The remnants of Hurricane Eta unleashed torrential rains and catastrophic flooding on Central America, killing at least 21 people and turning streets into rivers as dozens in Guatemala were feared to have been buried in their homes by mudslides.
Families waded through flooded streets of the northern Honduran city of San Pedro Sula, while cars sat almost submerged in parts of the central Guatemalan city of San Pedro Carcha, television footage and images posted on social media showed.
"The situation is serious, it's shocking and needs to be dealt with professionally, fast," Honduran President Juan Orlando Hernandez told HCH television, pointing to reports of people stranded or stuck on roofs of flooded homes.
Damage and destruction had spread across the "vast majority" of Honduras and speedboats and helicopters would be sent to rescue people in inaccessible areas, Hernandez said.
One of the fiercest storms to hit Central America in years, Eta struck Nicaragua as a Category 4 hurricane on Tuesday with winds of 150 miles per hour (241 kph) before weakening to a tropical depression as it moved inland and into neighboring Honduras.

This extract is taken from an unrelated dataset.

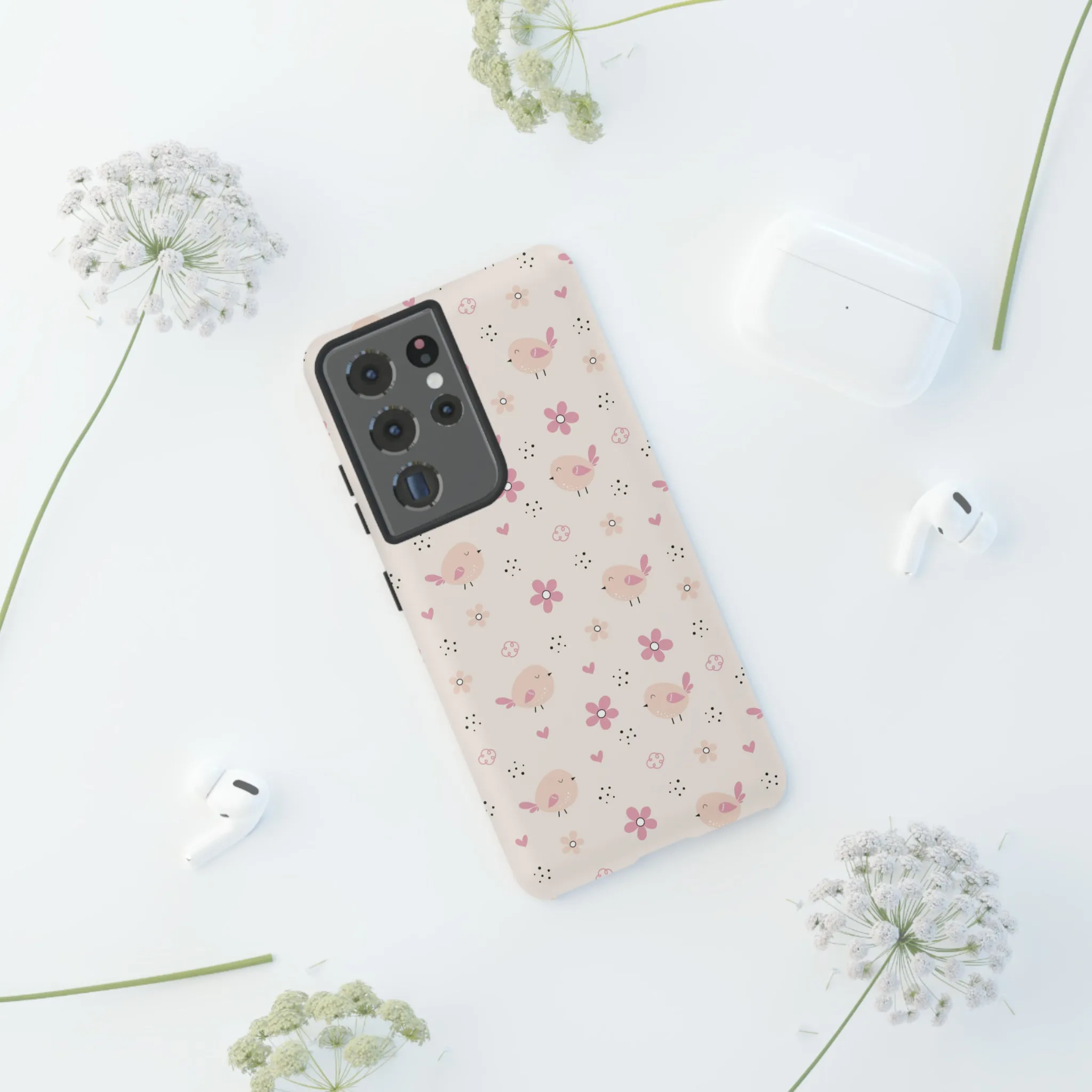 Cute Pink Birds and Flowers print design Tough Phone Case compatible with a large variety of Samsung models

By Thursday, authorities confirmed at least five deaths in Guatemala and seven in Honduras. Media in Nicaragua also reported two miners had died in a mudslide.
In the Guatemalan town of San Cristobal Verapaz, located about 120 miles (193 km) north of Guatemala City, 15 homes have "probably" been covered by mudslides, possibly affecting some 75 people, disaster relief agency Conred said in a statement on Thursday.
President Alejandro Giammattei declared a state of emergency in nearly half of the country's 22 departments earlier in the day.
In both Guatemala and Panama, several people have been reported missing, while in Honduras hundreds of people are stranded on roofs awaiting rescue as water levels continue to rise.
In southern Costa Rica, a landslide killed two people in a house, a Costa Rican woman and an American man, officials said. Meanwhile, five people, including three children, died in flooding in Panama's Chiriqui province, near the Costa Rica border, authorities said.
There was better news in Honduras, where 60 fishermen who disappeared at sea on Tuesday returned after taking shelter on cays until they were rescued, said community leader Robin Morales.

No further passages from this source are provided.